§ EXERCISE: For the records below, report how many lines include "Necklace", with no accompanying text.

THE DATA Start Marker

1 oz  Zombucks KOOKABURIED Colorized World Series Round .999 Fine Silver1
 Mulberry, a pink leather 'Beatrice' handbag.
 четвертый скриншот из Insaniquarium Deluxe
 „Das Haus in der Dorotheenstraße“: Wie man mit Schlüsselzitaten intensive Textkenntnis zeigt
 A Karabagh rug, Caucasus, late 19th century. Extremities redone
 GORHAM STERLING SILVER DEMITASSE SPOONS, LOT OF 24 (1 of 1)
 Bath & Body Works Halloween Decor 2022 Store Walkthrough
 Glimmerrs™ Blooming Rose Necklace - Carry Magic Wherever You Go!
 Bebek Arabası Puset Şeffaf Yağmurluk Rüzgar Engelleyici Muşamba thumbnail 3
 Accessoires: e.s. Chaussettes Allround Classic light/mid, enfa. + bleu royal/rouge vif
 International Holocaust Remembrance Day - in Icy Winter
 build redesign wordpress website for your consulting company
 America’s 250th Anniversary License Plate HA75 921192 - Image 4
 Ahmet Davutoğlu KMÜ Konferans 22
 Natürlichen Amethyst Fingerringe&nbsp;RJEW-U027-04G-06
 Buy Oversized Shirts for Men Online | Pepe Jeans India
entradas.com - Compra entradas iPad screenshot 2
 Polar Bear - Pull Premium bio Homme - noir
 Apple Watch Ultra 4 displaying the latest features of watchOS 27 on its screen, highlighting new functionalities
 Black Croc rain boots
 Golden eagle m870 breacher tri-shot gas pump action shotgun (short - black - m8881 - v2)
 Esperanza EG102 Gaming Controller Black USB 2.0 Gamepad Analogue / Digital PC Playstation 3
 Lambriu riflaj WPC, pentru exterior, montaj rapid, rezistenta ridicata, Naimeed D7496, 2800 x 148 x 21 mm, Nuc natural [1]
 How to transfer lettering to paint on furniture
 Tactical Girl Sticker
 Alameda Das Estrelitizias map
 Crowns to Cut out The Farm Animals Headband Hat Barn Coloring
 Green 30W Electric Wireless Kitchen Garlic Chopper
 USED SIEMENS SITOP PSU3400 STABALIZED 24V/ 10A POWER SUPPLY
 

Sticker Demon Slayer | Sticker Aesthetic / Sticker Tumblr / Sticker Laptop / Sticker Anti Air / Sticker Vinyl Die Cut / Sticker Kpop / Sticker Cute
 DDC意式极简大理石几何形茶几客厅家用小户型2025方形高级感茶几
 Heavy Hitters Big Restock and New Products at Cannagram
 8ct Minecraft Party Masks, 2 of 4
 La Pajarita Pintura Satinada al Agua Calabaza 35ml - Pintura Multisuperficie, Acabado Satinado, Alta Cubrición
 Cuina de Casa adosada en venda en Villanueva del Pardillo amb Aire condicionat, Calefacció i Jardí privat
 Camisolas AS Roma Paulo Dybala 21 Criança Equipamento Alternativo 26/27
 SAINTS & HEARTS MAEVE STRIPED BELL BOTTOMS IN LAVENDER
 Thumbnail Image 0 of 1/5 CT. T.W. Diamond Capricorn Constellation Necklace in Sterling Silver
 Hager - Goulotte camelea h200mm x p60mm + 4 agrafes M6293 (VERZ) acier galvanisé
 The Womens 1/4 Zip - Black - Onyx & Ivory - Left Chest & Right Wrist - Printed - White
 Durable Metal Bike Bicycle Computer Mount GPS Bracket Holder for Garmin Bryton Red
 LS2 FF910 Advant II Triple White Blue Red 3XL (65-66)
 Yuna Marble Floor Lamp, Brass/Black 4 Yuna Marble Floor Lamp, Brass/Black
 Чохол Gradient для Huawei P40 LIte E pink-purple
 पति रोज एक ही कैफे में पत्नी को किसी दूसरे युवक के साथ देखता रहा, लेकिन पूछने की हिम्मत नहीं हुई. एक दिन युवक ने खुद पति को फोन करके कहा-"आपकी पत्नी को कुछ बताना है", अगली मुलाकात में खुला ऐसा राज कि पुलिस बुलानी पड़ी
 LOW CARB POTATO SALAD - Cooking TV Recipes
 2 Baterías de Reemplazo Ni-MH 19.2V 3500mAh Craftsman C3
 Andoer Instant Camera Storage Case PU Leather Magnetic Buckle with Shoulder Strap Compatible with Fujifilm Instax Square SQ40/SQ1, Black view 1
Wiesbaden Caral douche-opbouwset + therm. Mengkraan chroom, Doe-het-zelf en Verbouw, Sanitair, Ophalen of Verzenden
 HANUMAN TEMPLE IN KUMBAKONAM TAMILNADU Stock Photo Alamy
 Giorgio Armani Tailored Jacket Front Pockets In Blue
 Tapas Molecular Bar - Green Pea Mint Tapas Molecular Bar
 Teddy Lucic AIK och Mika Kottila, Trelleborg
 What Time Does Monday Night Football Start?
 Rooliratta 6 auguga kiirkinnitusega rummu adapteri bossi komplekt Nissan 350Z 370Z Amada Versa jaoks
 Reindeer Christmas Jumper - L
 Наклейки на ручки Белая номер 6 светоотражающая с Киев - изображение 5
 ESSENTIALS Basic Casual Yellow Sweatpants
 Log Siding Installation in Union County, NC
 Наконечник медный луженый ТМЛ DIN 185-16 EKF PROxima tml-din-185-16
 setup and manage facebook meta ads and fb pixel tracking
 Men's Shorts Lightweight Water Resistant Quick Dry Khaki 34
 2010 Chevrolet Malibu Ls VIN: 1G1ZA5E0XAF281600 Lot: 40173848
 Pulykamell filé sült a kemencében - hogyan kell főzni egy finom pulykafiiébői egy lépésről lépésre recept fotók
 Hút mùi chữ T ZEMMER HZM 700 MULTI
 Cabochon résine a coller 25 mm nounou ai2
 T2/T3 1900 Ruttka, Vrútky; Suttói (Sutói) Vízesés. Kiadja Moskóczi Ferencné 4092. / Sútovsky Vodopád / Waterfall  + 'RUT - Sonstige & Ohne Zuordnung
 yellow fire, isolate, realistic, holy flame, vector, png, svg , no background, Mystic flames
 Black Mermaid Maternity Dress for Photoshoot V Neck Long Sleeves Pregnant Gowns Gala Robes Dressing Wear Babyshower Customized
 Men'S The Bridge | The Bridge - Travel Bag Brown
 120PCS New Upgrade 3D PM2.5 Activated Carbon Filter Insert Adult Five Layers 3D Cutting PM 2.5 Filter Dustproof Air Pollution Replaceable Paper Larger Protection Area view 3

THE DATA End Marker

§ RESULT OF THIS EXERCISE: 2